_EXERCISE REQUIREMENTS_:
Include the line containing "2013 PORSCHE CAYENNE" and every line after it up to the end of the material below; reproduce them exactly and drop the pictures.

_RECORDS PROVIDED_:
===============
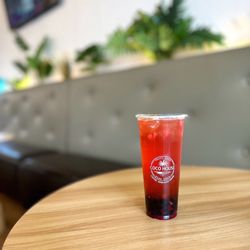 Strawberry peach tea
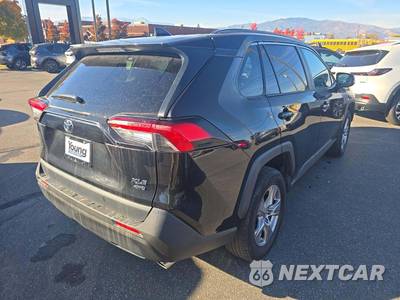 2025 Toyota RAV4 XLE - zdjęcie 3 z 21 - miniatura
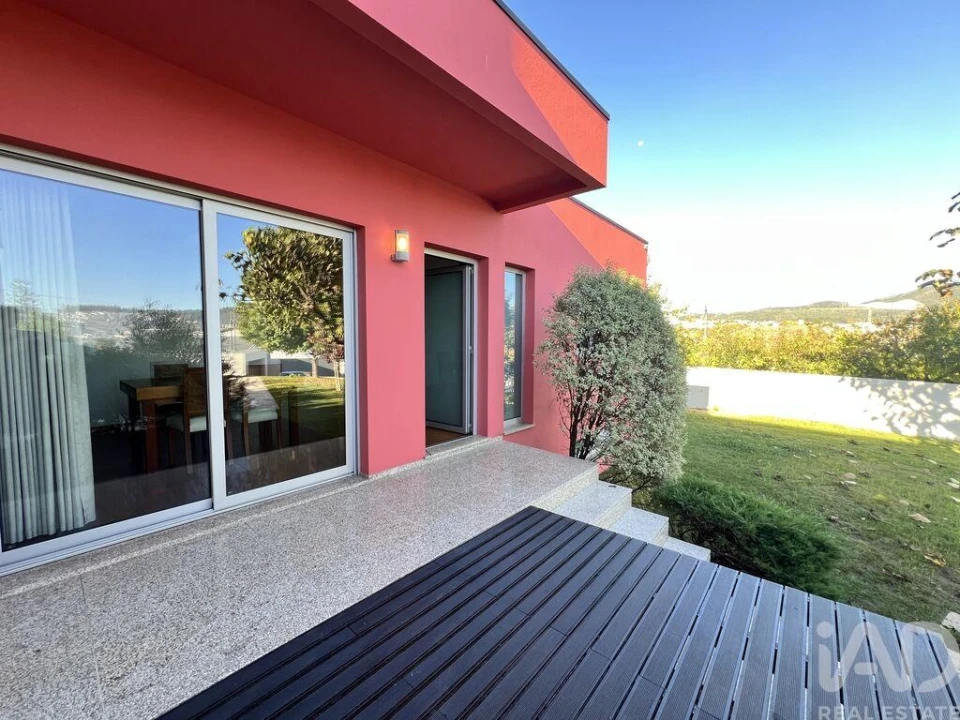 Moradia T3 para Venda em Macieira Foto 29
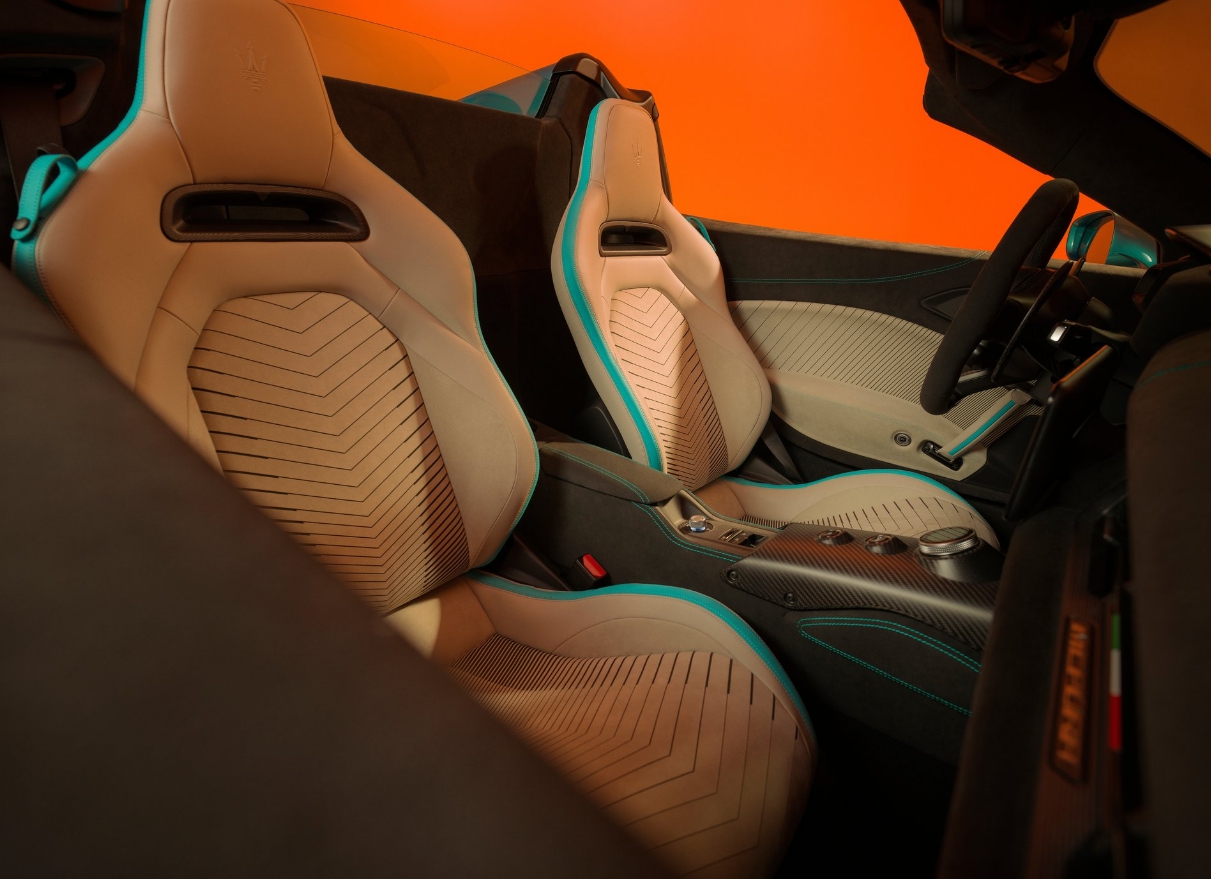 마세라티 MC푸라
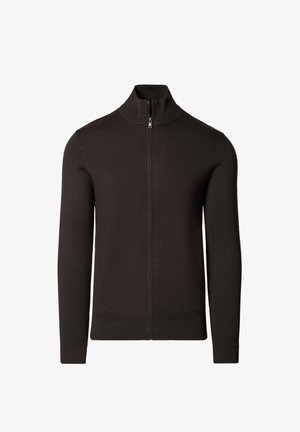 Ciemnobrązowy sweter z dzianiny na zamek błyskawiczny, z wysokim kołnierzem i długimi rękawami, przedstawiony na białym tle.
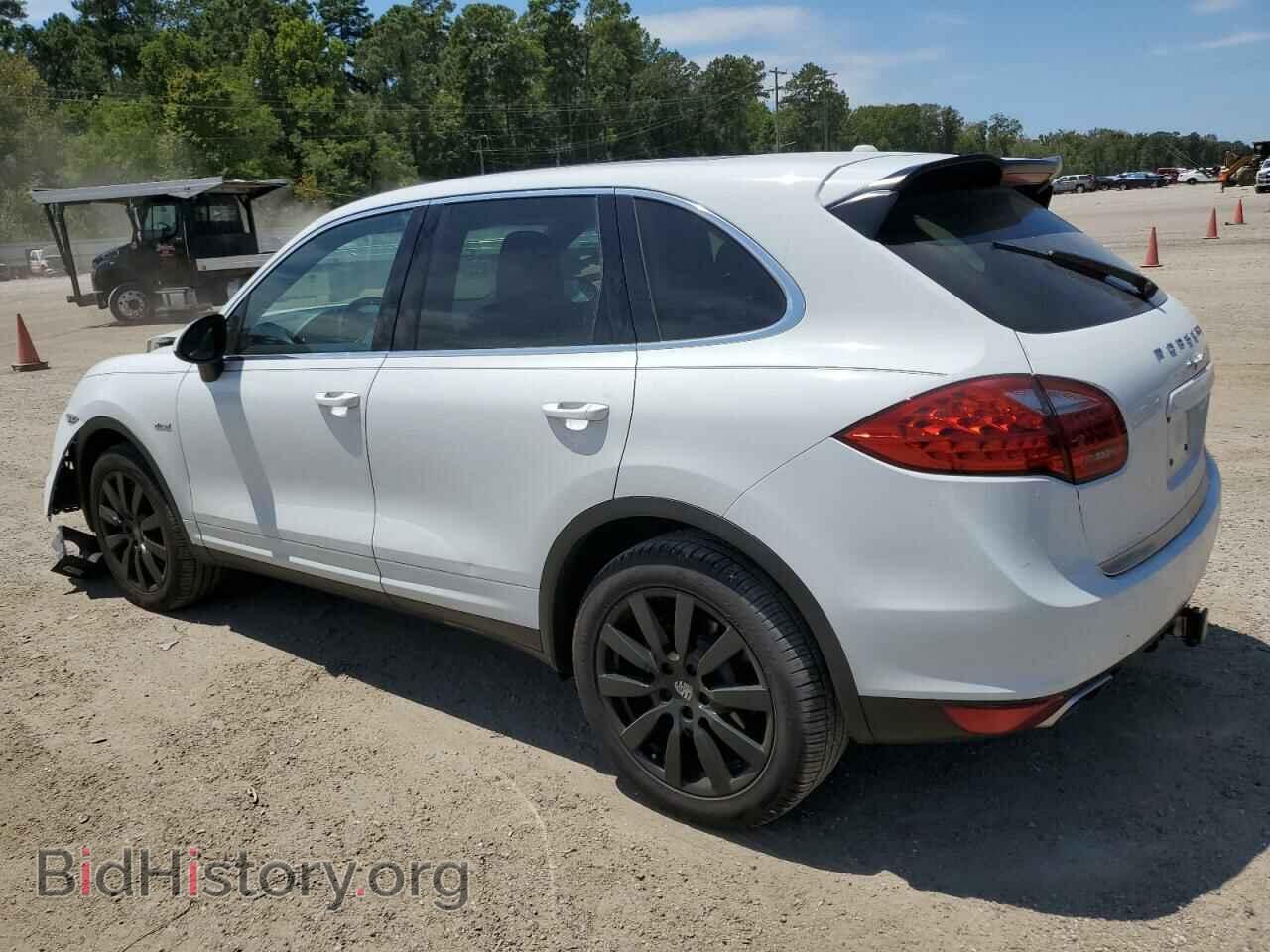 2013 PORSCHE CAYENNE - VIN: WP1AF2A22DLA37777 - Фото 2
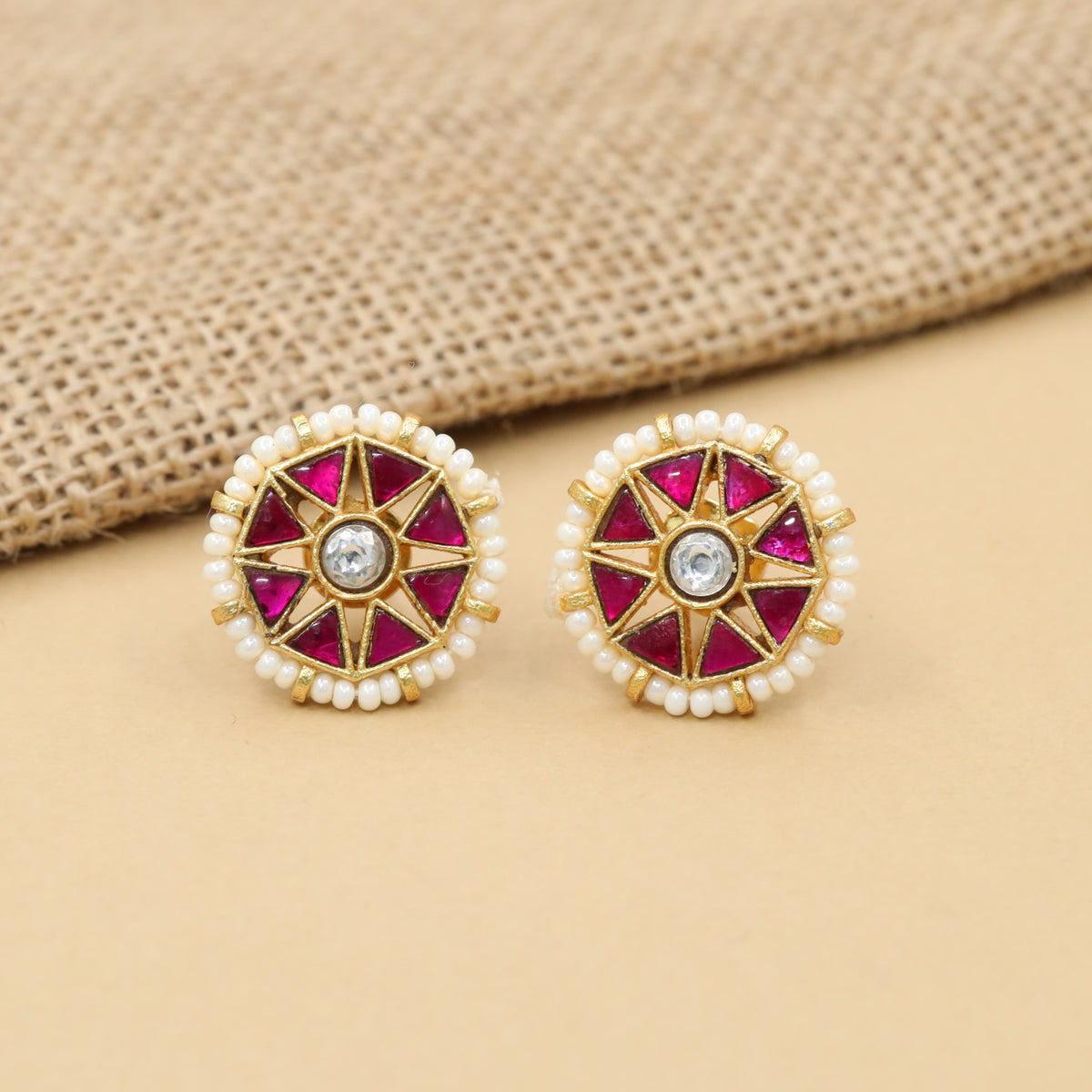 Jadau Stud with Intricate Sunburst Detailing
===============
_ANSWER SECTION_:
 2013 PORSCHE CAYENNE - VIN: WP1AF2A22DLA37777 - Фото 2
 Jadau Stud with Intricate Sunburst Detailing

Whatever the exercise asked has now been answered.